Honor CLOCK_BOOTTIME and TFD_NONBLOCK in timerfd#87

Open
jserv wants to merge 4 commits into
mainfrom
timerfd
Open

Honor CLOCK_BOOTTIME and TFD_NONBLOCK in timerfd#87
jserv wants to merge 4 commits into
mainfrom
timerfd

Conversation

@jserv
Copy link
Copy Markdown
Contributor

@jserv jserv commented Jun 6, 2026

sys_timerfd_create is known to be incomplete:

  • The clockid allow-list only accepted CLOCK_{REALTIME,MONOTONIC}, so CLOCK_BOOTTIME (7) returned -EINVAL. Linux has no suspend-aware equivalent on macOS; treating BOOTTIME as MONOTONIC matches the existing translate_clockid mapping in src/syscall/time.c.
  • TFD_NONBLOCK was applied via fd_set_nonblock(kq), which issues fcntl(F_SETFL, O_NONBLOCK) on the kqueue host fd. macOS rejects that with ENOTTY (errno 25), so every timerfd_create(..., TFD_NONBLOCK) call failed regardless of clockid. The "Inappropriate ioctl for device" string in foot's log is glibc strerror for ENOTTY leaking through.

The non-blocking flag now lives in fd_table[gfd].linux_flags alongside the existing CLOEXEC bit, and timerfd_read consults that field after snapshotting it under fd_lock (order 3) before acquiring sfd_lock (order 5a). The lock-order snapshot matches the documented discipline in src/syscall/internal.h and the eventfd_dup_fd pattern.

Close #82


Summary by cubic

Adds support for CLOCK_BOOTTIME and makes timerfd non-blocking and fcntl behavior match Linux on macOS. Also unifies linux_flags handling so reads, dup, and FUSE behave correctly.

  • New Features

    • Accept CLOCK_BOOTTIME in timerfd_create (mapped to MONOTONIC).
  • Bug Fixes

    • Track O_NONBLOCK in fd_table[].linux_flags; timerfd_read snapshots it. fcntl(F_GETFL) for timerfd returns O_RDWR|{O_APPEND,O_NONBLOCK,O_NOATIME}, and F_SETFL updates those bits; O_DIRECT now returns -EINVAL.
    • Serialize all linux_flags writes via fd_publish_linux_flags; sys_fcntl snapshots and revalidates before F_SETFD/F_SETFL updates under fd_lock.
    • Preserve O_NONBLOCK and access mode across dup (fs and FUSE); FUSE F_SETFL now preserves access mode.
    • Add LINUX_O_ASYNC and LINUX_O_NOATIME; translate helpers use these symbols.
    • Expanded tests for BOOTTIME+NONBLOCK, EAGAIN on armed timers, F_GETFL/F_SETFL semantics, and dup flag preservation.

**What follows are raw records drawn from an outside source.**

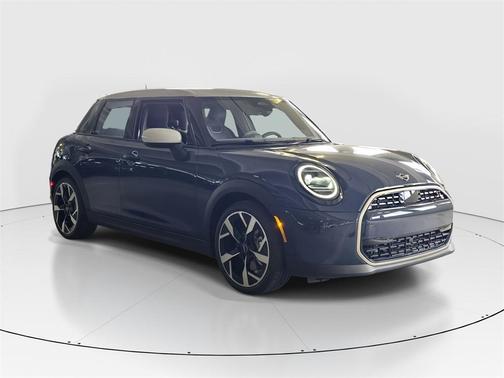 2025 MINI Hardtop Cooper S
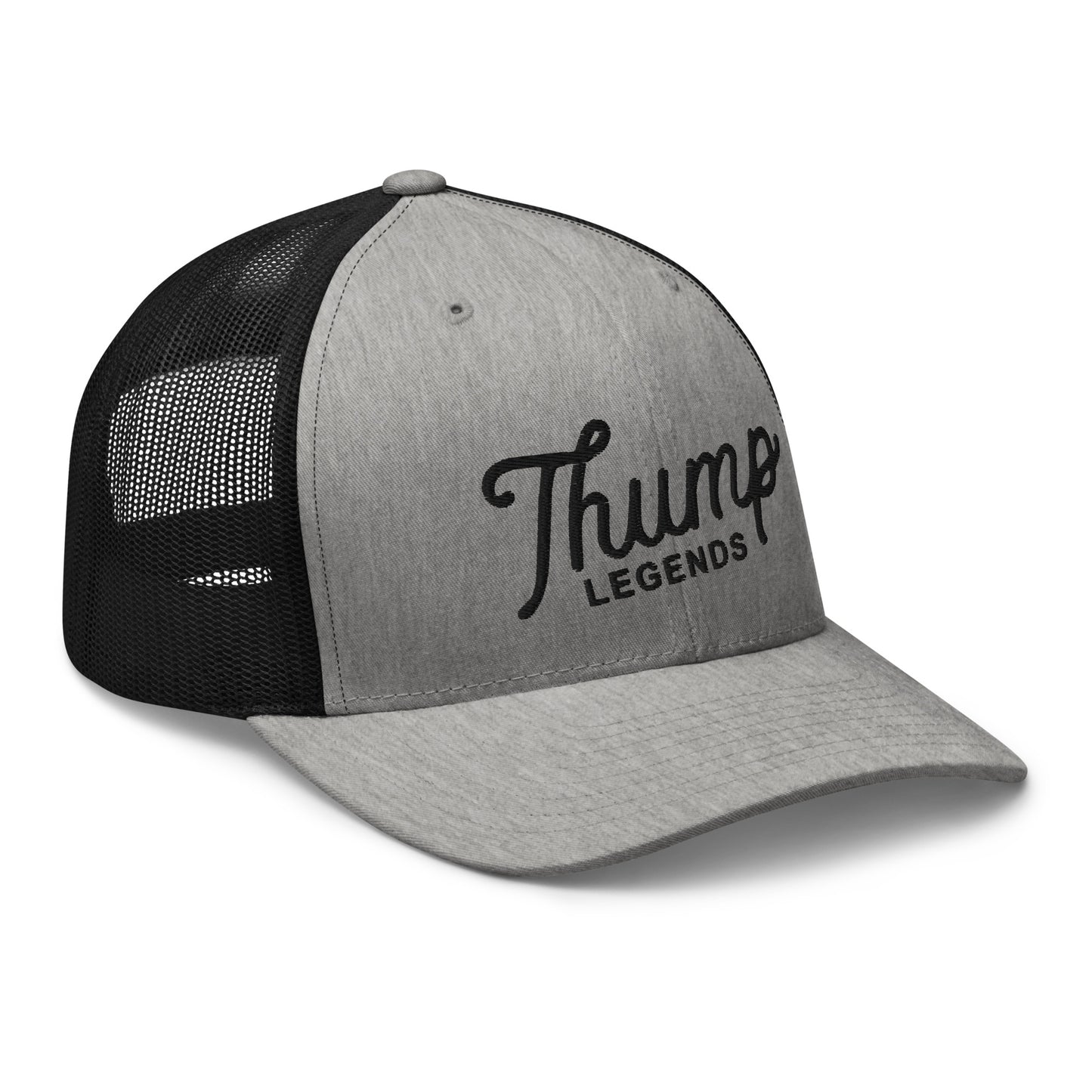 Thump Legends Retro Trucker Hat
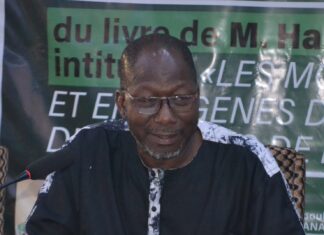 Souveraineté économique et financière: Halidou Ouédraogo présente 5 modes de financement endogène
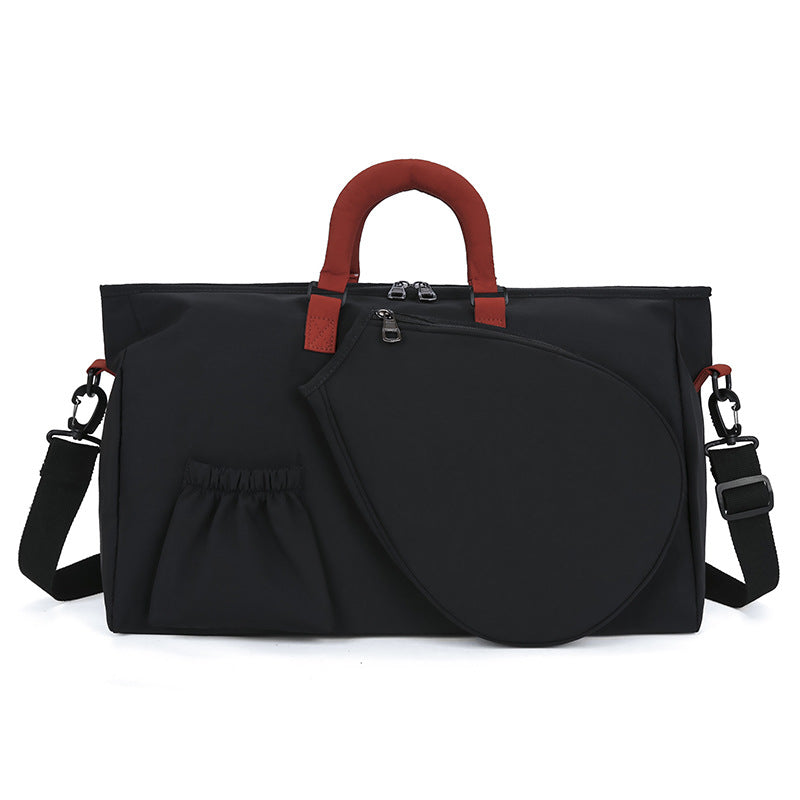 E7308# Unisex Sports tennis bag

Written for commit 0a2199c. Summary will update on new commits.

Review in cubic

cubic-dev-ai[bot]

This comment was marked as resolved.

jserv added 4 commits June 7, 2026 04:01
foot fails at startup under elfuse with "failed to create keyboard repeat
timer FD: Inappropriate ioctl for device" because timerfd_create(
CLOCK_BOOTTIME, TFD_CLOEXEC | TFD_NONBLOCK) returns -1. Two root causes:
- The clockid allow-list only accepted CLOCK_REALTIME and CLOCK_MONOTONIC,
  so CLOCK_BOOTTIME (7) returned -EINVAL. Linux has no suspend-aware
  equivalent on macOS; treating BOOTTIME as MONOTONIC matches the existing
  translate_clockid mapping in src/syscall/time.c.

- TFD_NONBLOCK was applied via fd_set_nonblock(kq), which issues
  fcntl(F_SETFL, O_NONBLOCK) on the kqueue host fd. macOS rejects that
  with ENOTTY (errno 25), so every timerfd_create(..., TFD_NONBLOCK) call
  failed regardless of clockid. The "Inappropriate ioctl for device"
  string foot logs is glibc strerror for ENOTTY leaking through.

The non-blocking flag now lives in fd_table[gfd].linux_flags alongside
the existing CLOEXEC bit, and timerfd_read consults that field after
snapshotting it under fd_lock (order 3) before acquiring sfd_lock
(order 5a). The lock-order snapshot matches the documented discipline
in src/syscall/internal.h and the eventfd_dup_fd pattern.

Tests cover create succeeding with CLOCK_BOOTTIME+TFD_NONBLOCK and an
armed-but-unfired non-blocking read returning EAGAIN through the shadow
rather than the unarmed-timer EAGAIN path. Verified against an ARM64
Linux host that read-before-fire on a non-blocking timerfd returns
errno=EAGAIN, matching the elfuse behavior.

Close #82
Without an FD_TIMERFD branch, fcntl(timerfd, F_GETFL) routed to the
kqueue host fd and surfaced macOS-side flags, while F_SETFL hit the
same ENOTTY rejection that broke the create path. Wire both branches
through fd_table[fd].linux_flags so the shadow is the source of truth.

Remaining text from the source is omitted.